Robo-advisors have almost $16 billion in assets under advisement, according to Corporate Insight, and directly manage almost $4 billion. Furthermore, they've earned those assets in only a few years of providing online advice.
There are limitations to using an online advice provider, though, according to Equity Institutional. The firm recently released a white paper addressing those limitations.
For advisors anxious about that rapid growth and seemingly stiff competition, there are some ways you can position your firm to take advantage of robo-advisors' boom in assets when investors outgrow the simple advice they provide and begin looking for something more sophisticated.
"When you're talking about dealing with a robo-advisor, you can put in all your information and you can have your investments directed, but our advisors are telling us one of the things you can't do is you can't ask the why," Jeff Kelley, senior vice president and chief operating officer for EI, told ThinkAdvisor on Friday. "You can't go through discussions with your advisor as to what the rationale behind the decision making is and talk through the various situations in your life."
In the white paper, EI suggested six ways advisors can position their firms to be prepared to inherit assets from investors leaving their robo-advisor.
1. Provide access to alternative investments. Robo-advisors rely heavily on ETFs and indexed investing to provide automated services to clients. In addition to their hands-on expertise, traditional advisors also provide clients with "expanded asset classes that you really need an advisor to work your way into," Kelley said. "Those advisors that continue to focus on the newer asset classes that are gaining favor, they will always keep the advisor in that market and prevent them from ever becoming extinct."

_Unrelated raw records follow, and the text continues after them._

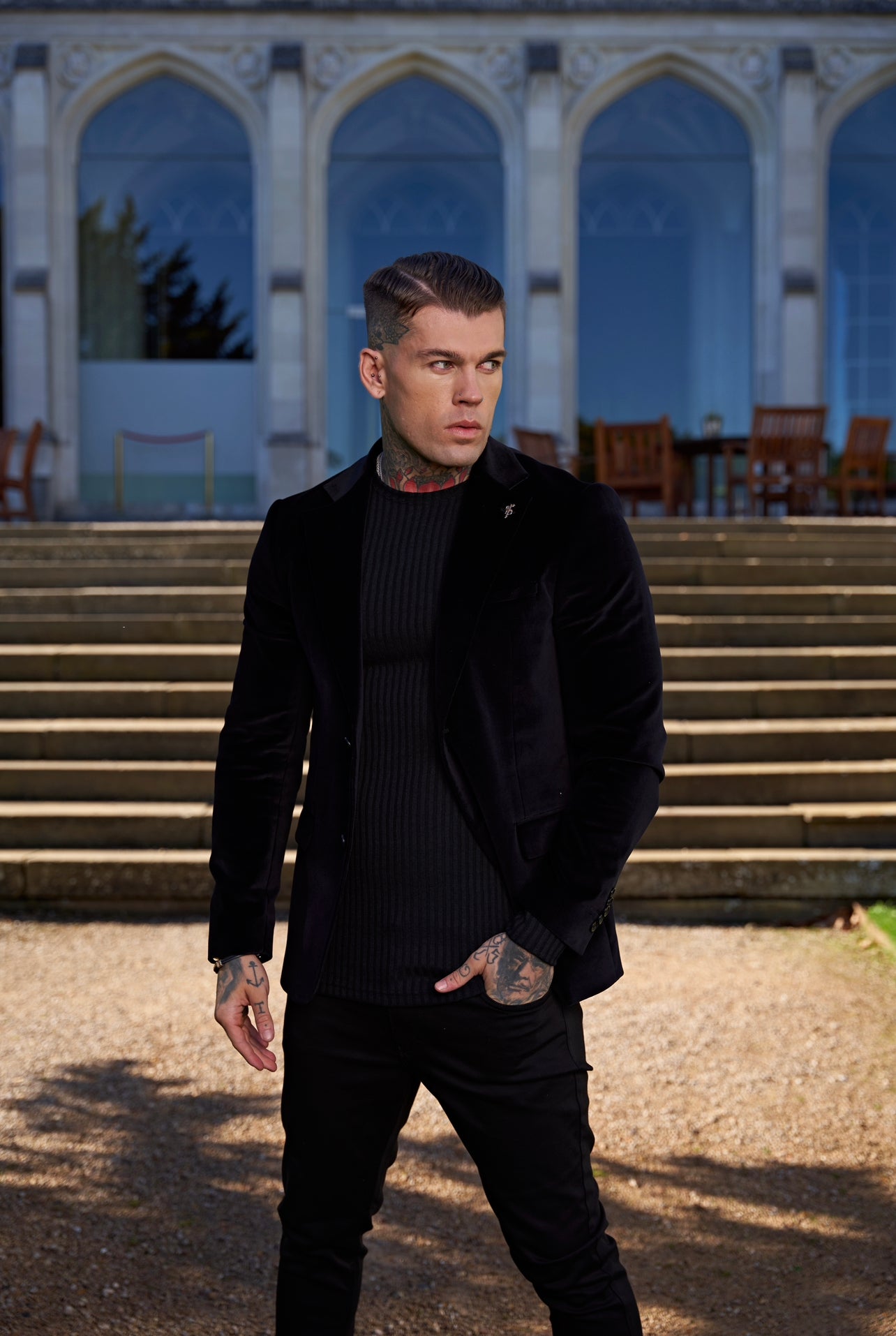 Slim Luxury Black Velvet Jacket- FSY001
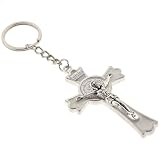 White Enameled St. Benedict Cross Keychain - 3'' Crucifix, 5'' Overall - 29'' Lanyard Included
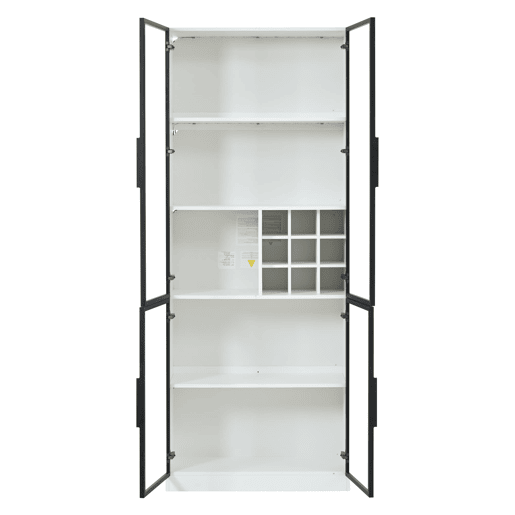 Vitrine 80x35x200 cm - Portas de vidro, LED, prateleiras e porta-garrafas - Branco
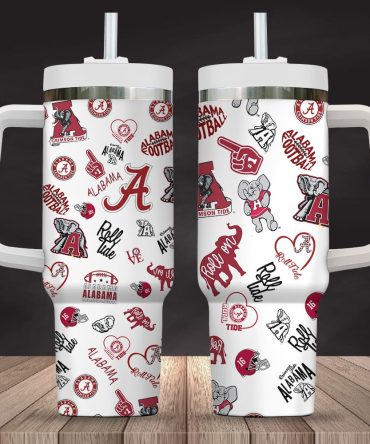 Alabama Crimson Tide Tumbler With Handle & Straw - Double-Walled Insulated Travel Mug
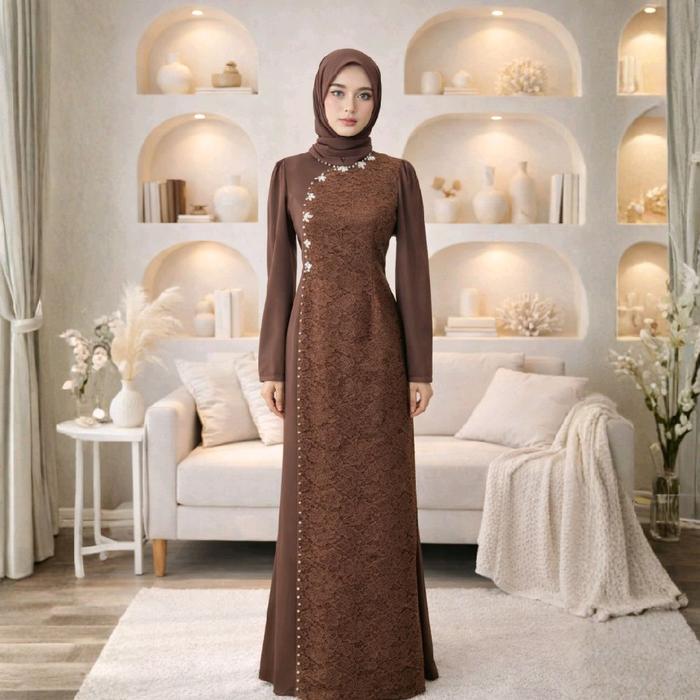 Dress Leona - Gamis Mewah Pesta Kondangan Gaun Panjang Remaja Dewasa Satin Silk Model Terbaru Humair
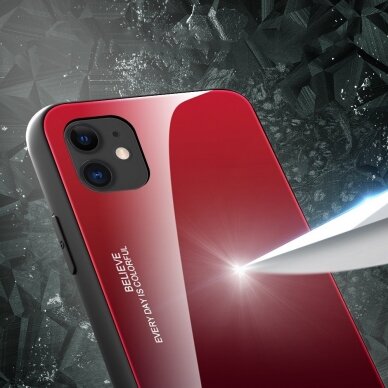 Akcija! iPhone 12 mini nugarėlė Gradient Glass raudonas-juodas NZXR928 1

One example of newer assets classes quickly gaining favor is in liquid alts, which have grown 40% since 2008, according to Deutsche Bank, and are expected to grow another 44% by September 2015.
2. Remind flighty clients that robo-advisors are still being tested. A robo-advisor can build a portfolio for a client, "but then it misses that next step of logical thinking that takes the data and makes a decision based on the discussions with the client as opposed to just taking static information and creating a model and passing it back to you." When clients need more than just direction for their investments — like when volatility increases and they need help resisting the urge to bail out of the market — traditional advisors will be able to provide services that can't be automated.